TASK MATERIAL:
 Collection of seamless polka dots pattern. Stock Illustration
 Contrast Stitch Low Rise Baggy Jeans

==

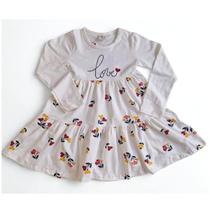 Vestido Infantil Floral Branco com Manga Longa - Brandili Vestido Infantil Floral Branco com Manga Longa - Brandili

WORK TO BE COMPLETED: Taking the records above, retype every line from the one with "Collection of seamless" down to the one with "Contrast Stitch Low Rise Baggy Jeans", exactly and with nothing else.

YOUR RESPONSE:
 Collection of seamless polka dots pattern. Stock Illustration
 Contrast Stitch Low Rise Baggy Jeans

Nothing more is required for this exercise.